What we have at the moment is a record breaking El Nino. (But it may not be very record breaking if only we had this kind of data for earlier El Nino’s). What does this tell us about the Pause? I don’t know — perhaps it’s over, perhaps it’s not. February is noise, not signal.We can’t tell until we see what happens in a couple of year’s time. Perhaps this is a big shift? Perhaps a spike. History will tell.

See Roy Spencer’s blog for more graphs and an interesting difference with 1998 – where there was a cool ring in the Pacific around the “hot” blob, and that circle of cold is not present this year. Who knows why? Stephen Wilde suggests it is due to the “wavier” jet streams we have now (which may in turn be due to the strange solar activity we have now compared to 1997-98). See Wilde’s post here for more info about those extended jet stream waves which stretch far south and north when the solar activity is low.

Roy Spencer: “The total cloud water anomaly for February was also at a record high, at 13% above average”

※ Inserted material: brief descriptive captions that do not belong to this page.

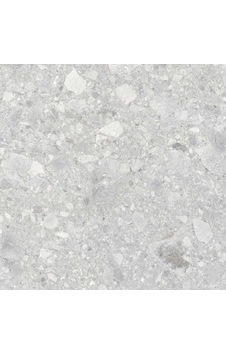 VitrA 60x60 Ceppostone Fon Gri Mat Porselen Karo K947316R0001VTE0 VitrA 60x60 Ceppostone Fon Gri Mat Porselen Karo K947316R0001VTE0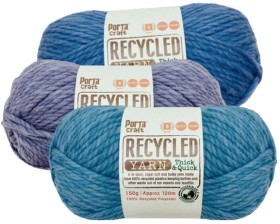 Recycled-Yarn-150g on sale
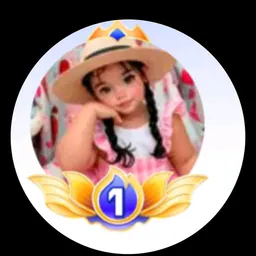 Princesa Ana 🧚🧚‍♂️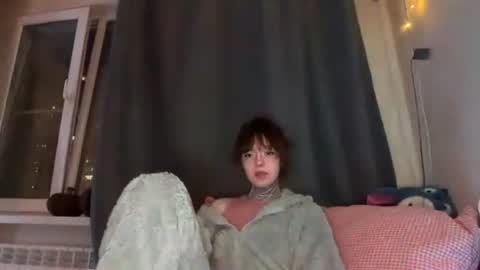 raven_armor online show from July 11, 6:08 pm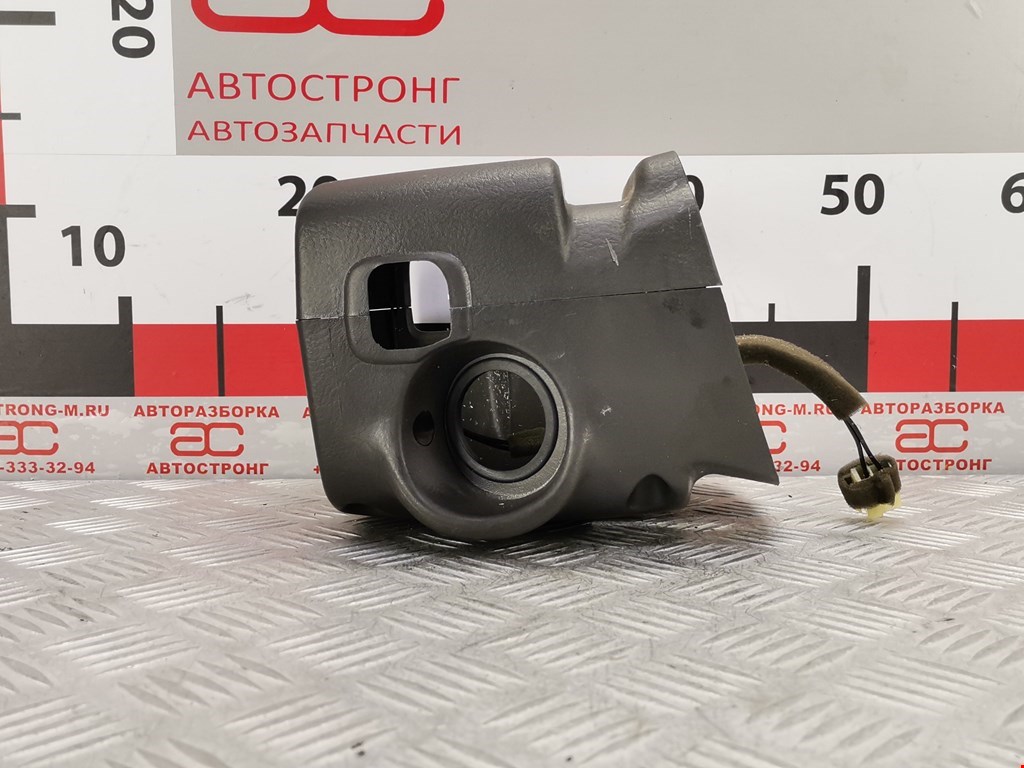 Кожух рулевой колонки KIA Carnival I 1999-2005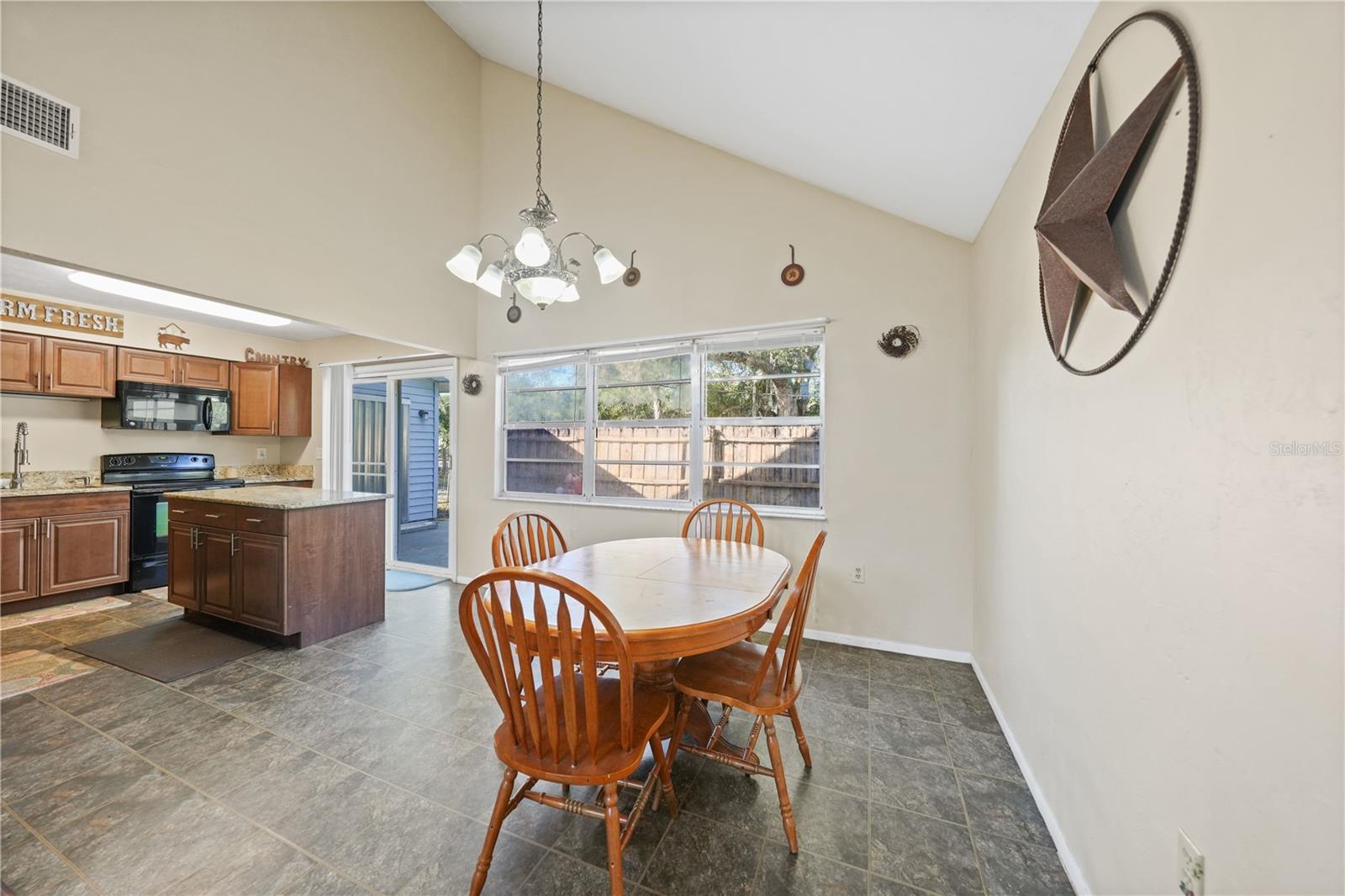 OAK RDG PARK - Residential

Stephen Wilde: Wavier jet stream tracks produce longer lines of air mass mixing, hence more clouds and less solar energy entering the oceans to replenish warmth lost from oceans to air by convection.

Looking at the wind graph, perhaps there is an explanation for the Pause (which has been suggested among the 50 odd excuses) — perhaps wind speeds have been higher than normal for the last 18 years which has “stirred in the heat”. That’s why I ask about the long term average. We just don’t know from this graph.

EXTRA Tidbit:  For those who are interested, the Western Pacific pours out around Indonesia into the Indian Ocean. It’s a pretty big deal for us Western Australians. We end up with that warm water running down along the coast past Perth. It’s why the most southern corals in the world grow around the island off the coast here at 32S.